**WHAT IS EXPECTED**
Would you reproduce exactly, and only, the lines starting at the one with "Women's Alice +" and ending at the last line of the data, with both included? Leave the pictures out.

*** RECORDS FOR THE TASK ***

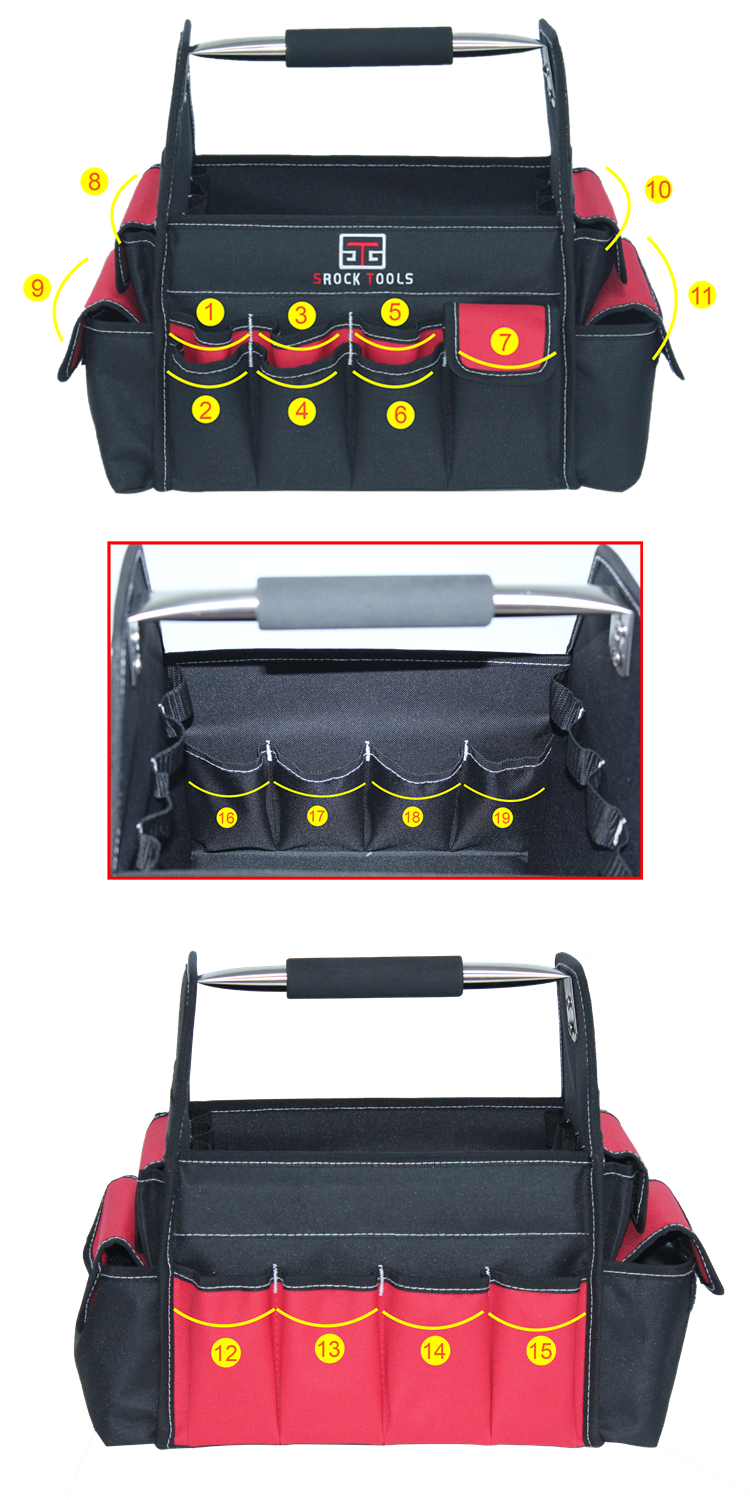 12 inch Hard Base Tote Polyester Heavy duty Waterproof electrician Steel Tubular Handle Tool Carry Bag factory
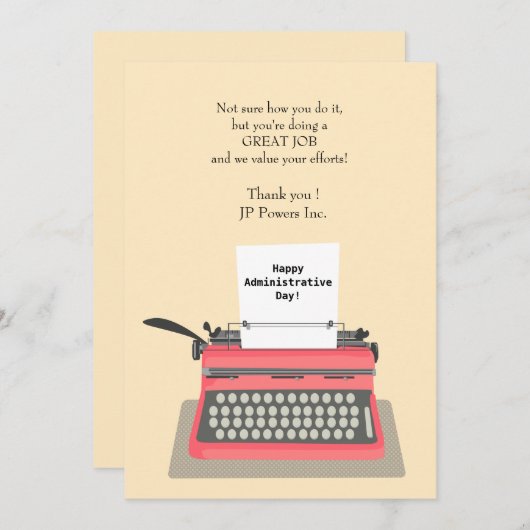 Administratieve dag voor schrijfmachine bedankkaart (Voorkant / Achterkant)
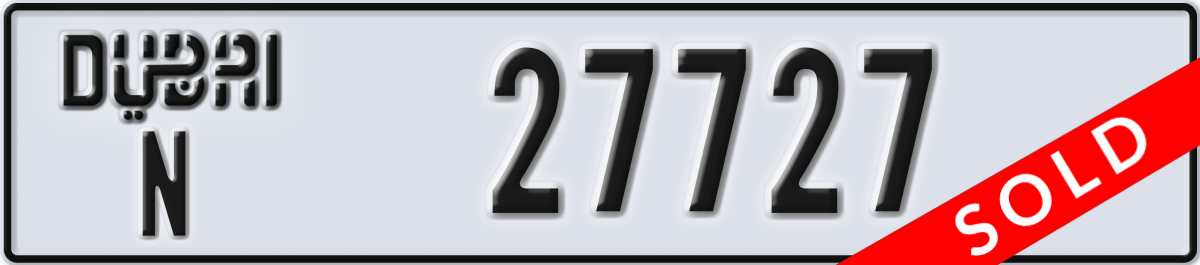 dubai License Plate Number 27727 Code N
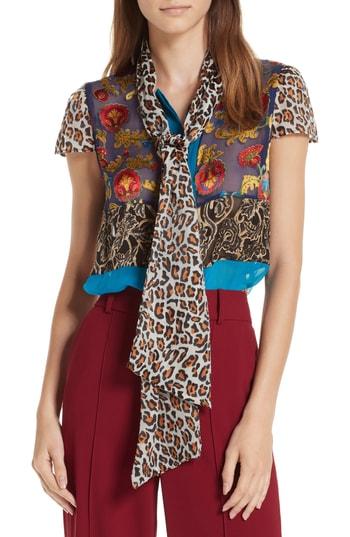 Women's Alice + Olivia Jeanie Tie Neck Mixed Burnout Blouse - Black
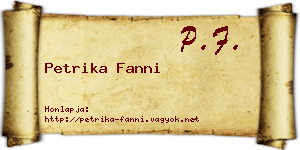 Petrika Fanni névjegykártya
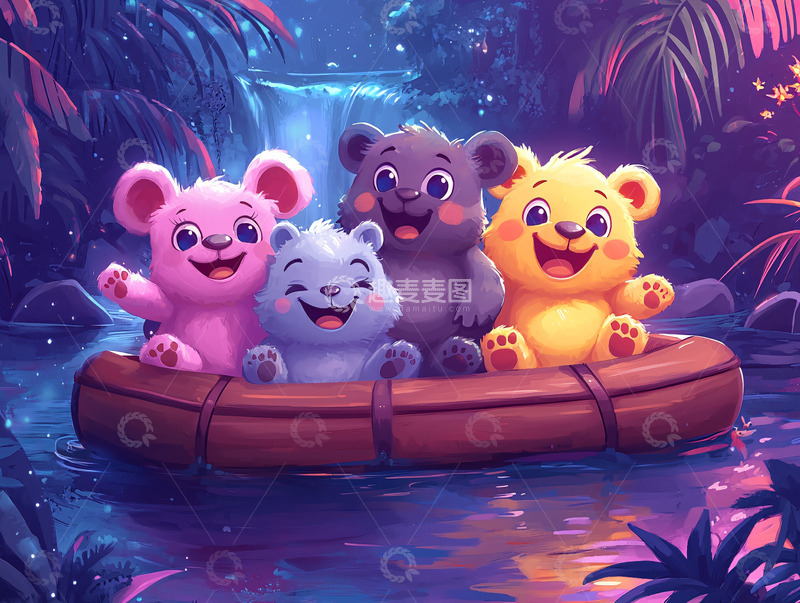高清大图下载【趣麦麦图】四只小熊乘木筏漂流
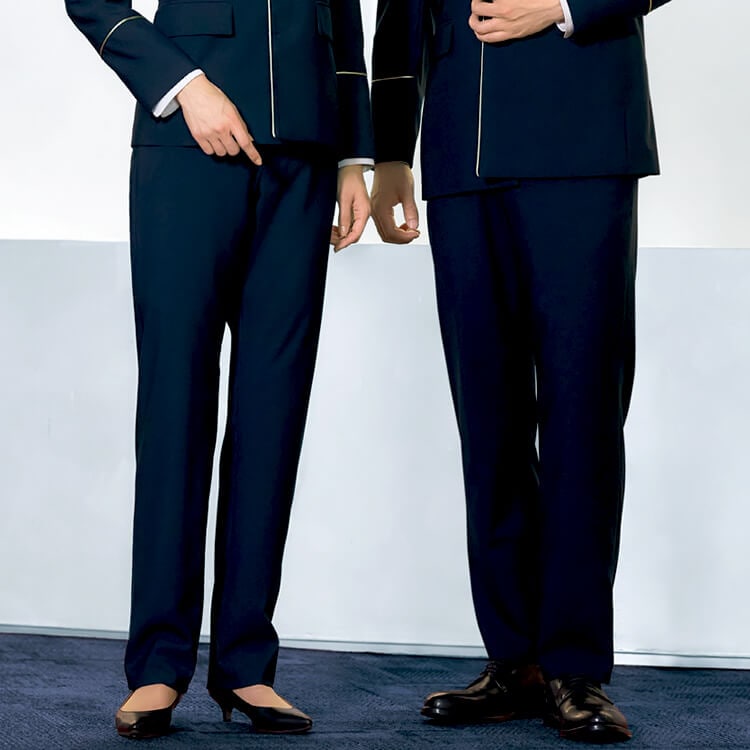 【ホテル制服パンツ 男女兼用】ストレッチ「脇ゴム仕様」ホームウォッシャブル 3S～4L ネイビー色 / ショップ店員ユニフォーム 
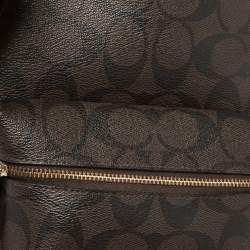 Pre Owned Coach Black/Brown Signature Coated Canvas and Leather Mini Charlie Backpack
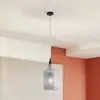 Image de Lindby suspension Drakar, à 1 lampe, gris, verre, Ø 19,5 cm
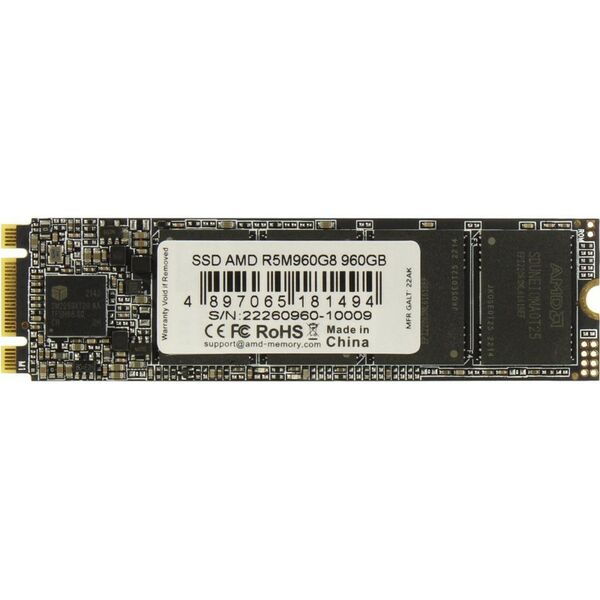 SSD-накопители: SSD-накопитель AMD 960 Gb Radeon R5 M.2 2280 B&M 6Gb/s [R5M960G8] фотографии
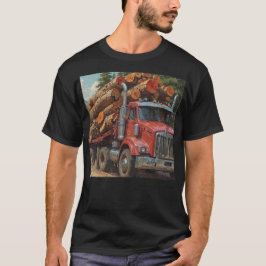 Rode houtkap Truck in de bergen T-shirt
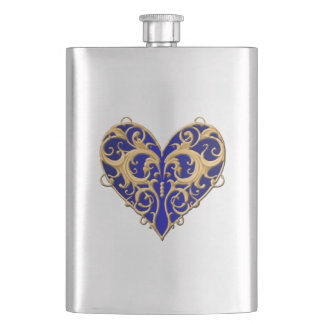 Petaca Blue Filigree Heart Flask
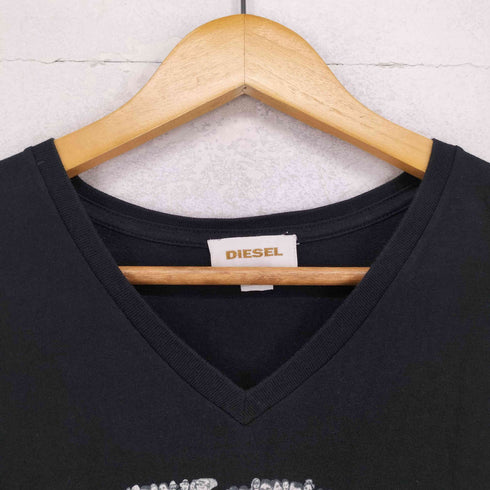 ディーゼル DIESEL ロゴプリントVネックTシャツ Y2K メンズ JPN:S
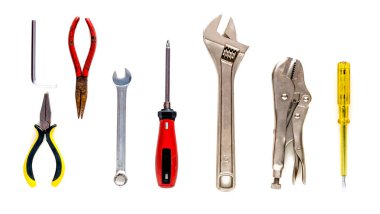 Beyaz bir arka planda izole craftman araçları. Craftman araçları ekipman çalışması için.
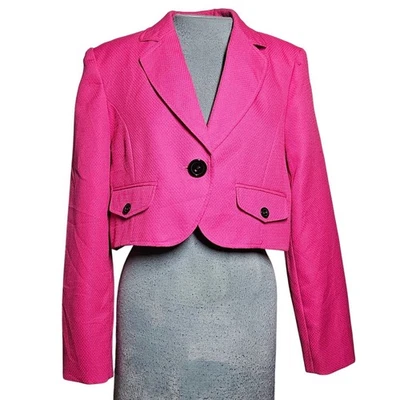 Pink Crop Blazer Jacket Size 10 Foto 1 de 4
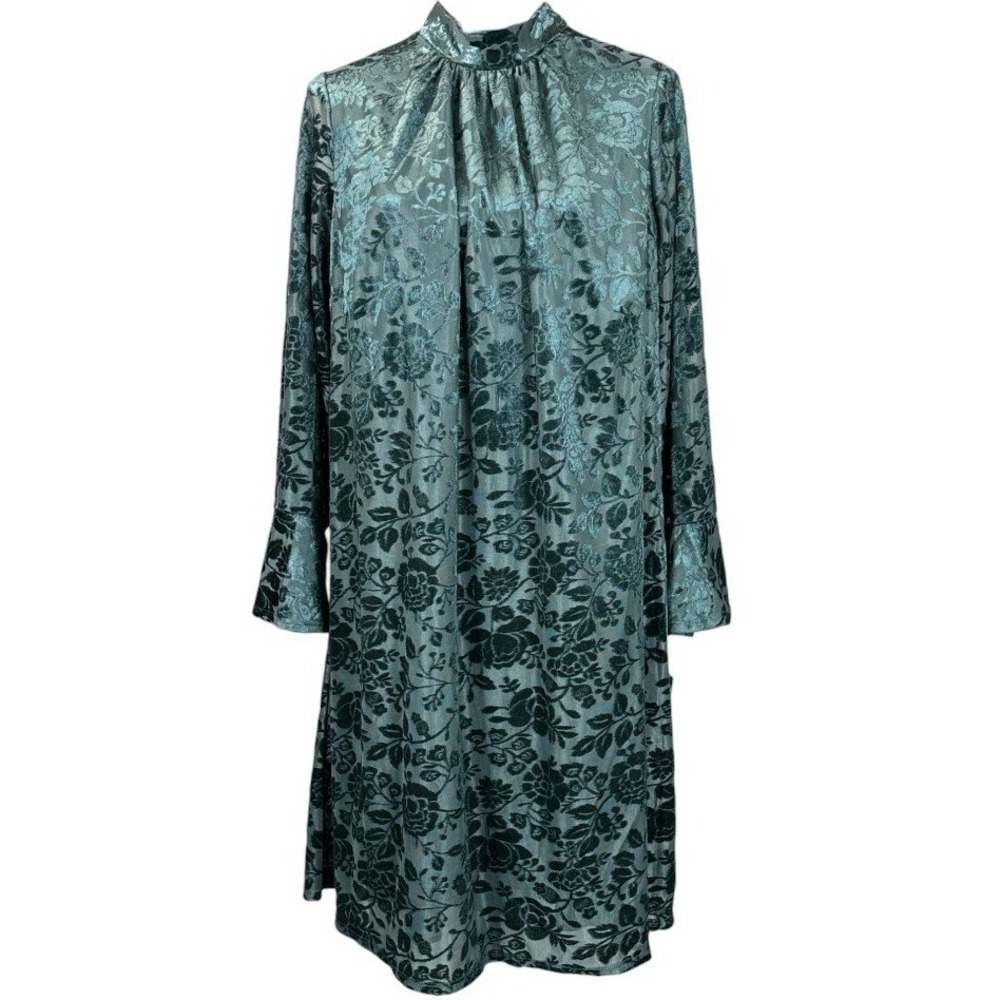 London Times Teal Floral Long Sleeve Dress - Picture 2 of 12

*** End of RECORDS FOR THE TASK ***

**RESULT FOR THIS TASK**
 Women's Alice + Olivia Jeanie Tie Neck Mixed Burnout Blouse - Black
 Petrika Fanni névjegykártya
高清大图下载【趣麦麦图】四只小熊乘木筏漂流
 【ホテル制服パンツ 男女兼用】ストレッチ「脇ゴム仕様」ホームウォッシャブル 3S～4L ネイビー色 / ショップ店員ユニフォーム 
 Pre Owned Coach Black/Brown Signature Coated Canvas and Leather Mini Charlie Backpack
 Image de Lindby suspension Drakar, à 1 lampe, gris, verre, Ø 19,5 cm
 SSD-накопители: SSD-накопитель AMD 960 Gb Radeon R5 M.2 2280 B&M 6Gb/s [R5M960G8] фотографии
 Rode houtkap Truck in de bergen T-shirt
 Petaca Blue Filigree Heart Flask
 ディーゼル DIESEL ロゴプリントVネックTシャツ Y2K メンズ JPN:S
 Beyaz bir arka planda izole craftman araçları. Craftman araçları ekipman çalışması için.
 Pink Crop Blazer Jacket Size 10 Foto 1 de 4
 London Times Teal Floral Long Sleeve Dress - Picture 2 of 12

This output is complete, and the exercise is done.